ブログ「猫と杖とキャンピングカーと」に登場する1956年生まれのオヤジが約40年前に大怪我をし、躰の自由を奪われ人生観が激変、現在に至るまでの葛藤を綴った記録です。

研修所と化した我が家

3LDKの戸建を購入し1ヶ月経った頃の夜のことであった。

入浴中に湯船に浸かっていると激しい揺れを感じたのであった。

初めは湯船に浸かりすぎノボセたのかなと思ったが地震であった。

揺れは長かった。
風呂場にいても家中からきしむ音やビビり音が響きこのまま家が倒壊するのかと思うほど長く揺れるのであった。

揺れが収まり風呂から出た私は家の壁や柱などを見て回ったが異常がなく安堵したのであった。

自然災害の前では無力であるが心の何処かで自分だけは大丈夫だと言い聞かせてもいたのであった。

折角手に入れた家を災害で失ったら等としばらくは興奮状態で家を買ったのを少し後悔した自分がいたのであった。

その後は自然災害など無く平穏な日々を送り、隣近所との付き合いや顔見知りなども増えていったのであった。

私は帰宅後直ぐに2階に上がり寝室で部屋着に着替え就寝するまでリビングにいるので他の部屋には掃除以外立ち入ることは無かったのであった。

独身で戸建に住んでいることが隣近所に知れ渡ると
部屋が余ってしょうがないでしょう等と冷やかされることも多々あったのであった。

3LDKの間取り
早いとこ田舎の母と同居する事を実行しなければと母に連絡しそれとなく話すが母からは良い返事はもらえなかったのであった。

母曰く、田舎を出て見知らぬ地で暮らす不安と双子の妹の静江と離れて暮らすのは申し訳ない気持ちだと言うのであった。

母には弟妹5人いたが、静江を除きそれぞれ家を出て母の面倒は永い間、静江独りに診させてしまい昨年その母親が亡くなり、まだ日も浅く今は静江と離れて暮らすわけにはと言うものであった。

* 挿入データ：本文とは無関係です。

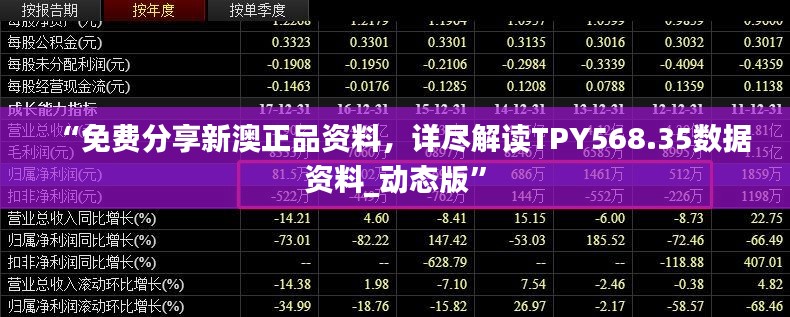“免费分享新澳正品资料,详尽解读TPY568.35数据资料_动态版”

と言う事からもう少し時間を空けて様子を見ることにしたのであった。

そんなこんなで月日が経ち我が家に部下達がグループ研究と称して集まるようになったのであった。

きっかけは独身の私に部下が「結婚相手を連れて遊びに行きたい」との申し出に、勿論快諾したのであった。

一般的な上司であれば奥さんの手料理などで持てなすのだろうがなんせ独身の私は家庭臭さとは無縁であった。

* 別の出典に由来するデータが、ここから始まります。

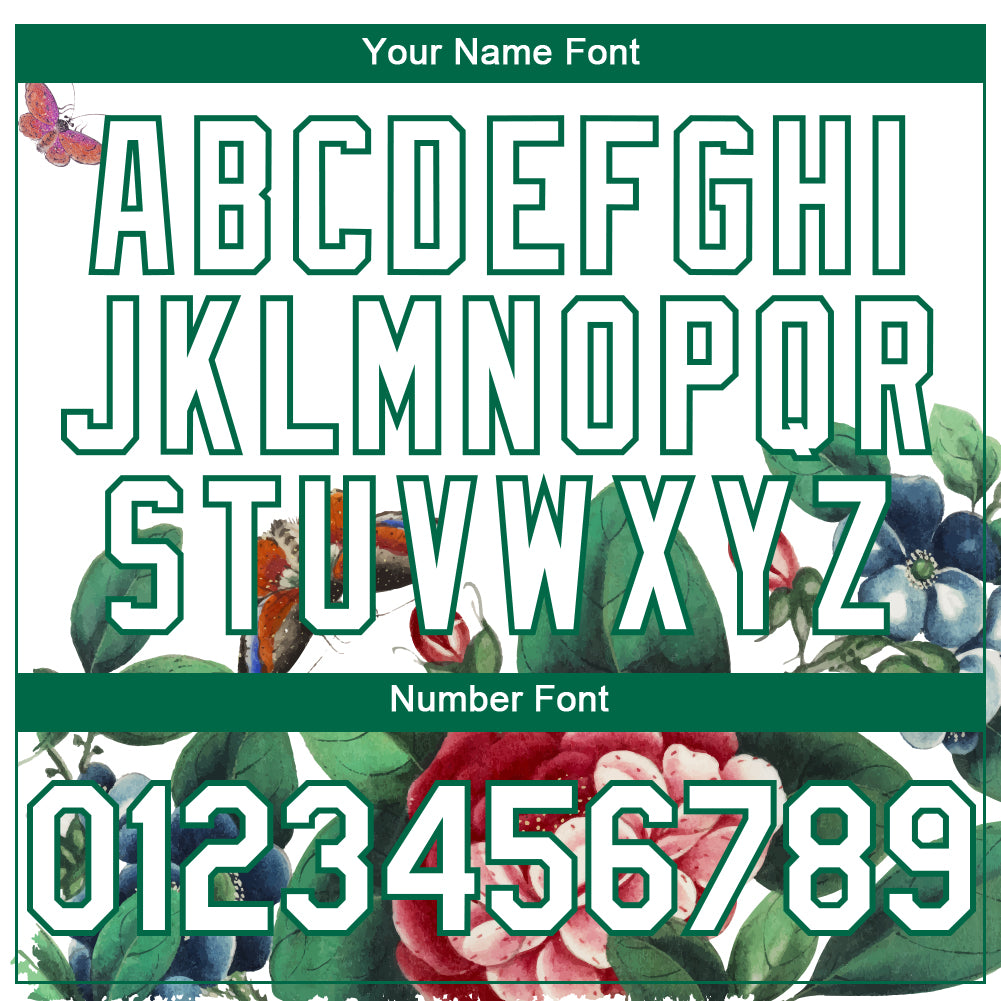 Custom White Kelly Green 3D Pattern Design Animal Butterfly And Flower Authentic Baseball Jersey - Sky-Custom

せめて部屋の掃除と酒やお菓子等を買いそろえるのが関の山であったが、いずれにしても初めての客人を招き入れる準備をしたのであった。

それ以来何かあると研修所化していったのであった。

そのたびに布団や食器、コップなど一通り揃って増えていったのであった。

大概5~6名が来てはリビングのフローリングに車座にに座り何やら討議をはじめるが暫くすると一番下っ端の者が酒を買い出しに行き、いつの間にやら酒盛りがはじまるのであった。